By the Court.—Judgment affirmed.
This opinion will not be published. See Wis. Stat. Rule 809.23(1)(b)5.
 All references to the Wisconsin Statutes are to the 2011-12 version unless otherwise noted.
 While some of the dialogue from the interrogation was read into the record at the motion hearing during direct and cross-examination, neither the complete transcripts of the interrogations that were prepared by the parties nor the audio recordings themselves are in the appellate record. “It is the appellant’s responsibility to ensure completion of the appellate record and ‘when an appellate record is incomplete in connection with an issue raised by the appellant, we must assume that the missing material supports the trial court’s ruling.’” State v.
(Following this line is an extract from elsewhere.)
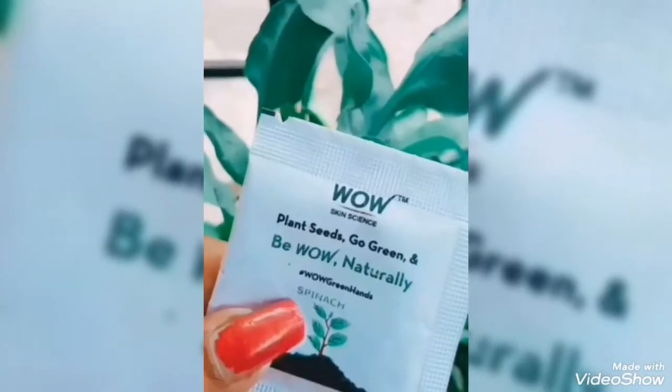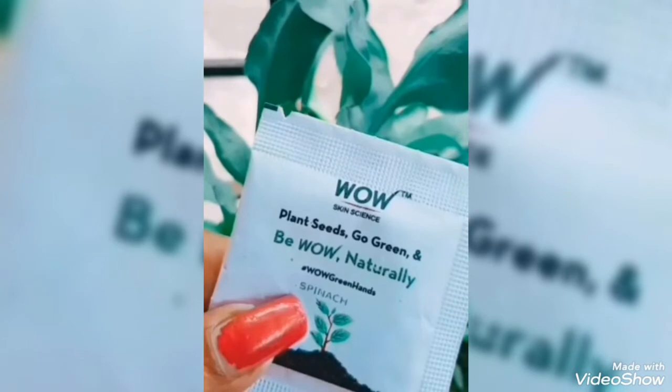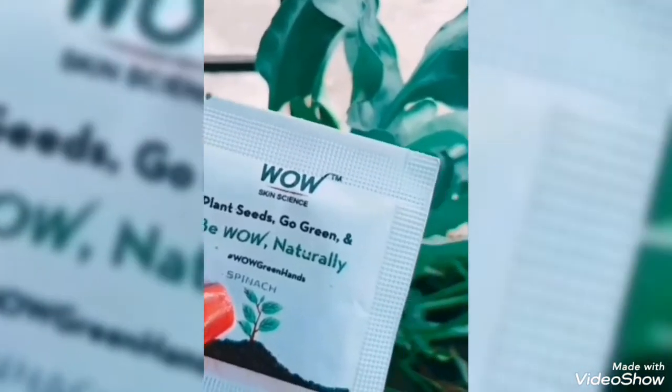With every purchase of Wow Skin Science products, you are going to get a free plant seed pouch. Plant the seeds and water it regularly. Very soon you will become a proud plant parent just like I did.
McAttee, 2001 WI App 262, ¶5 n.1, 248 Wis. 2d 865, 637 N.W.2d 774 (citation omitted).
We do note that Richmond’s appendix includes what purports to be a page of the transcript of the second interrogation related to Richmond’s request that the recording be turned off. That transcript appears to be consistent with testimony taken at the hearing. It states:
[Richmond]: Can I talk?
[Groce]: Go ahead.
[Richmond]: Ahright. Could you …
[Groce]: Nah, I can’t turn that off.
[Richmond]: I wanna … just, just a hot second and I’m ah come at you right.
[Groce]: Okay, tell the tape what you want me to do. Because I, I …
[Richmond]: Oh okay. I want him to cut the tape. Could you cut the tape for like two minutes?
[Groce]: Okay. You just heard Mr. uh, Mr. Richmond asked me to cut the tape off, the recording. Time is 10:47[.]
Okay, this is Detective Groce I’m gonna uh restarting the tape. The time is 11:12 pm. Um as you know, before the tape was turned off Mr. Richmond did acknowledge that the tape was being turned off at his request but now it’s being turned back on and we gonna resume the uh, the interview. Uh while that tape was off Mr. Richmond did express, express some concerns to me, I’ll let him say that on tape if he wants to but I am gonna ask him more questions regarding the armed robberies that was mentioned when the tape was turned on.
(Ellipses in original; some occurrences of the word “uh” omitted.)
 The instruction was included in the State’s list of proposed jury instructions. The jury instruction conference took place off the record, so it is unknown whether the parties specifically discussed the instruction or if the trial court simply included it at the State’s request.
 See Miranda v. Arizona, 384 U.S. 436 (1966).
 We also note that it is undisputed that Richmond did not mention any tooth pain to the detective who interviewed him about ten hours before Richmond’s interview with Groce.
 See State v. Machner, 92 Wis. 2d 797, 285 N.W.2d 905 (Ct. App. 1979). A Machner hearing is “[t]he evidentiary hearing to evaluate counsel’s effectiveness, which includes counsel’s testimony to explain his or her handling of the case.” State v. Balliette, 2011 WI 79, ¶31, 336 Wis. 2d 358, 805 N.W.2d 334.
 We note that after Richmond elected to proceed pro se on appeal, this court gave him the option of returning to the trial court to file a postconviction motion or proceeding directly with his appeal. He elected to proceed with his appeal.